A bit tangential to the original post, but where does this belief that data scientists are non-technical folks? I am a data scientist myself, and in my view it's way more technical than most software development. Albeit I wouldn't still call neither data scientists nor software engineers "smarter" than the average.
Sure, if you want to train your bread and butter text classifier it just takes 10 lines of boilerplate code. But you don't need an AI-assisted tool for that - you just go to hugging face, copy paste those 10 lines, done, it's certainly faster than getting some AI-assisted code editor work for you.
For everything that is a bit more complicated, you need endless adjustments to your code, and it's quite unlikely more than a handful of people before you ever wrote the same code. It is, indeed, a somewhat painful and slow process (because just "testing" your code often takes minutes, if not hours, so finding out bugs becomes annoying). And a somewhat simple, AI-based, error highlight tool might be useful to weed out the most stupid ones and save some time.

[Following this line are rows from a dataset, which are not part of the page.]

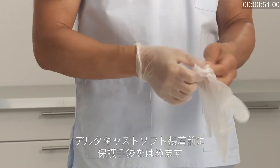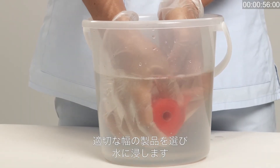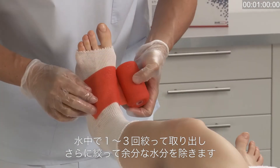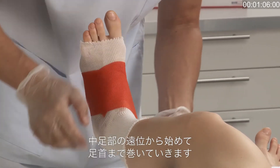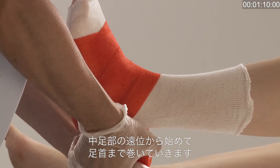Roll off over the ankle and smooth down. Put on protective gloves before applying Deltacast Soft. Choose the appropriate width of cast tape and dip the bandage in water. Squeeze between one to three times in the water, then squeeze the water gently out to drain surplus water from the bandage.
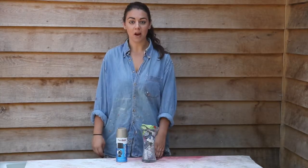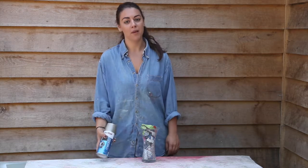Now I'm all ready to spray. Remember to spray on a nice calm day and shake the can really well for about a minute before using it.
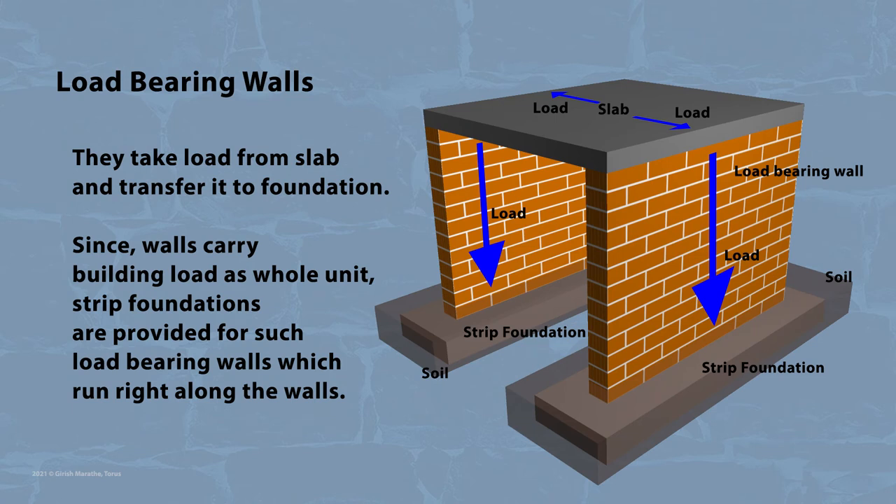Load-bearing buildings are characterized by load-bearing walls, meaning walls of such buildings take load from the slab and transfer it to the foundation. Since the wall carries the building load as a whole unit, strip foundations are provided for such load-bearing walls, which run right along the length of the walls.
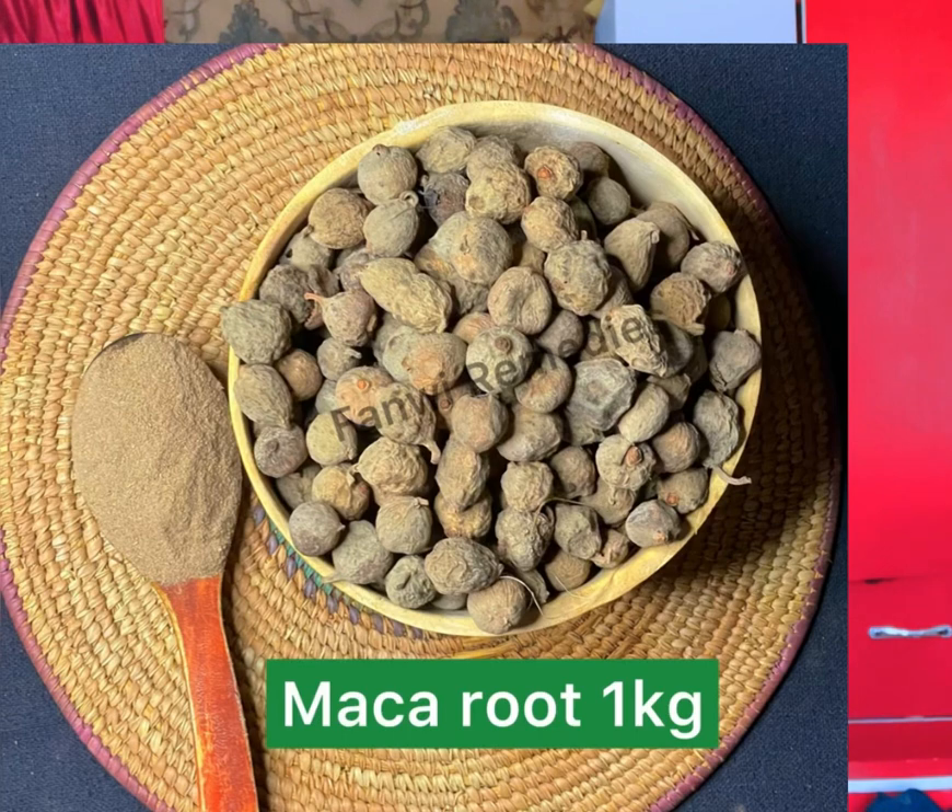Maca is really good — it is the most common ingredient used to grow the butt. One thing to note is that maca and walnuts almost look the same. Please do not go and get walnuts thinking it's maca. They look almost identical, so don't let them deceive you. This is the real maca — this is how it looks.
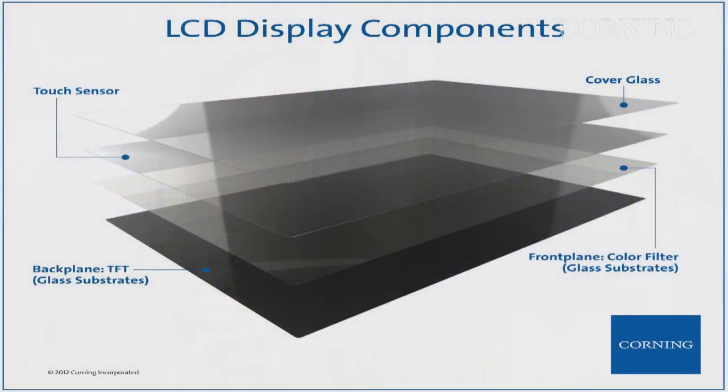On modern devices that are touch-enabled, you need two other things. One is a touch sensor — that's another piece of glass — and the cover glass, which is normally a Gorilla cover glass. So there are four pieces of glass. And Willow actually can play on three of them: the back plane where the TFT is made, the color filter glass, and the touch sensor glass.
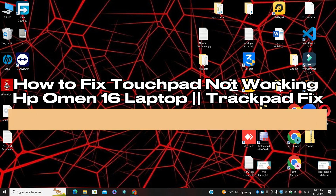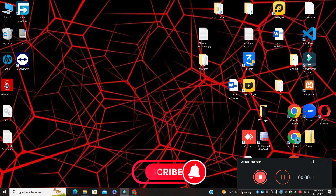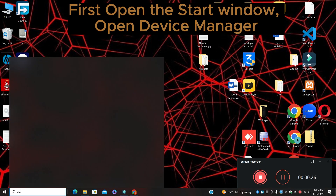Hi everyone, in today's video I will show you how to fix touchpad not working in HP Omen 16 laptop. I will perform all the tasks using the keyboard because the touchpad is not working. If you have a mouse you can connect it and use it, otherwise you can fix it with the keyboard. Follow the steps in the video, and don't forget to subscribe. Search for the Start Menu, then search for Device Manager and press Enter.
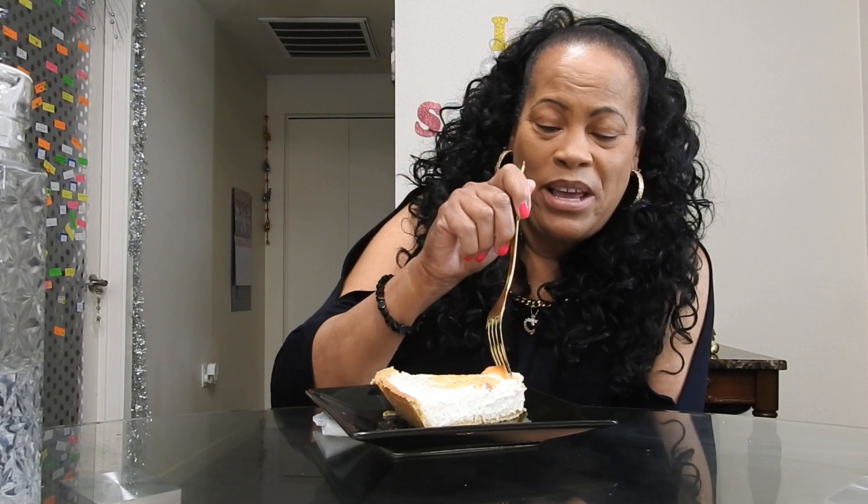Here we go. I already blessed my food in the last video. The plate is not gonna clap because I have a napkin under it. Here we go — I am so full, I am so stuffed from the crab legs, but I can always find time for pie. Let me get a fork.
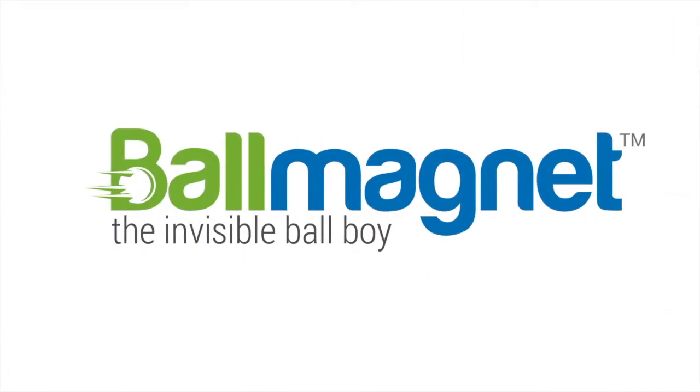Thank you for purchasing the ball magnet. We hope you have many years of enjoyment from it. The ball magnet is easy to install and takes less than five minutes. No tools are needed, and while it is easier to install with two people, one person can also install it with ease in the same time frame.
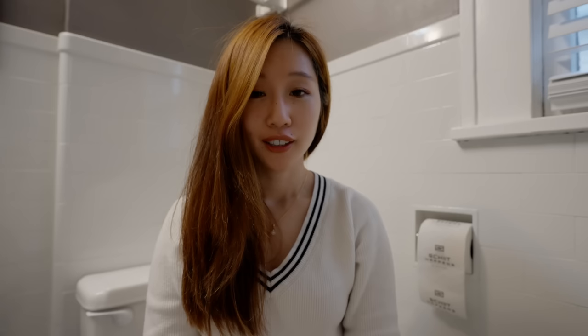Want a piece of Schiit to add to your own bathroom? We've got three Schiit-branded toilet paper rolls to give away. To enter, drop your Schiit-related dad joke in the comments section below, and we'll pick the three funniest a week after this video goes live. Please try to keep it family-friendly. Good luck!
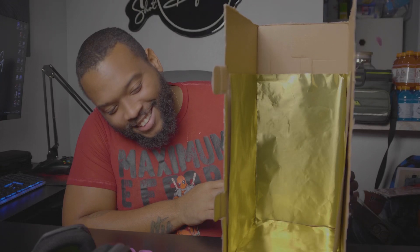Let's see how that goes. So I put the paper in the box and this is what it looks like. See what we can do with that next.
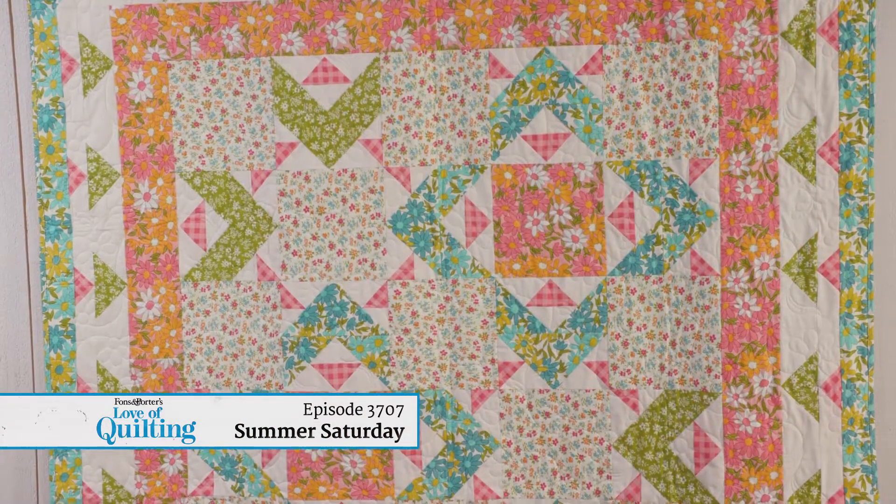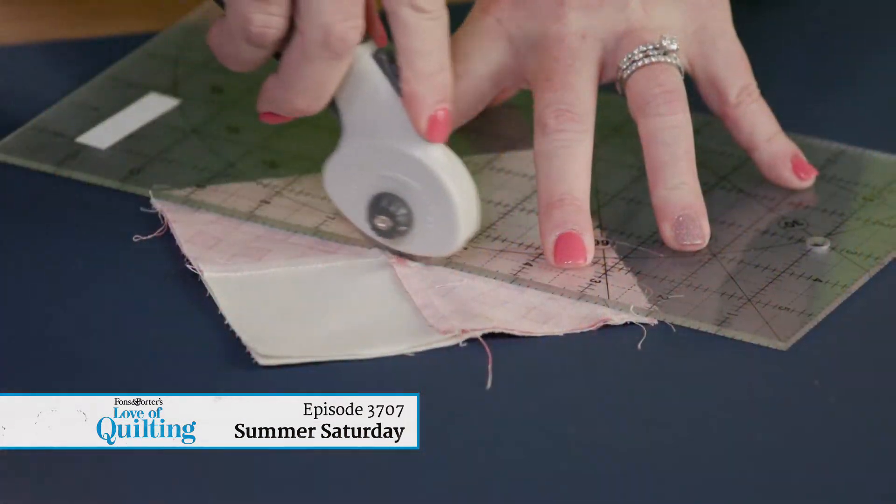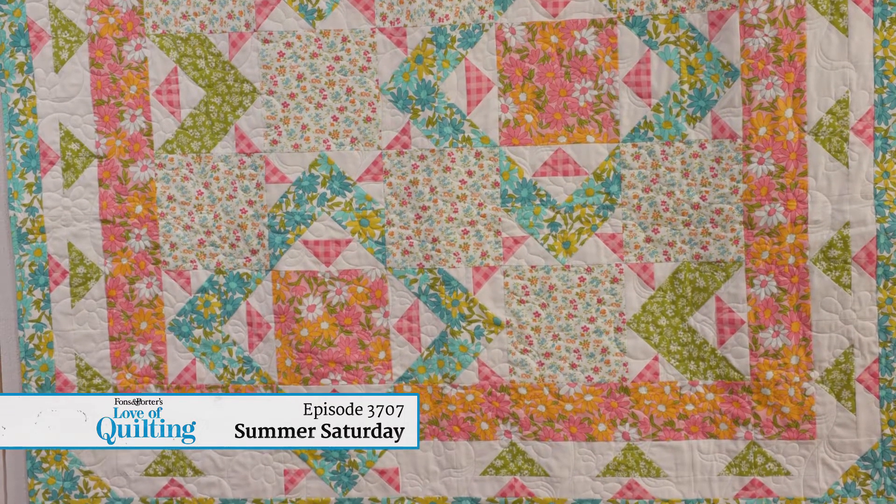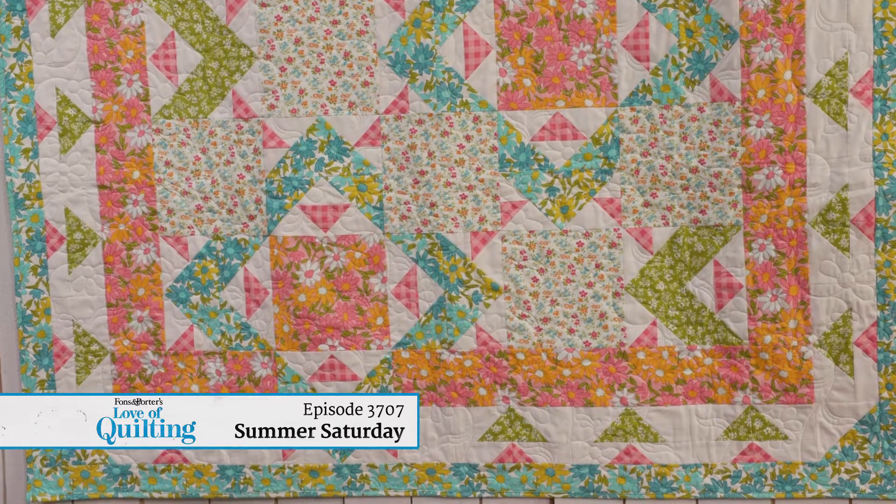There's more than one way to get your goose flying. In this episode, Angela shows you two ways to make the units in the main quilt block to achieve different effects. And we play with ways to extend those geese into the peace border.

But I will never trust something like copilot (or Kite, I guess, which I never tried) to write my code for me, as the challenging parts of the work involve long-term connection between different pieces of code (data loader, loss function, model function) that are written independently but must "cooperate" in a very non-trivial way. It is not at all uncommon that I make hours-long screen sharing calls with a colleague, discussing non-trivial mathematical computations, only to end up changing one or two lines of code that don't have an immediate link with the problem we are trying to solve.
This kind of things are notoriously hard for AI to grasp, so they can't do any decent job in writing that for me. Add on top that a lot of the code you find freely online is just ridiculously bad or broken, and you might only get unusable models generated by AI engines trained on those.
So, what kind of work are you referring to when talking about "data scientists or business" in your comment?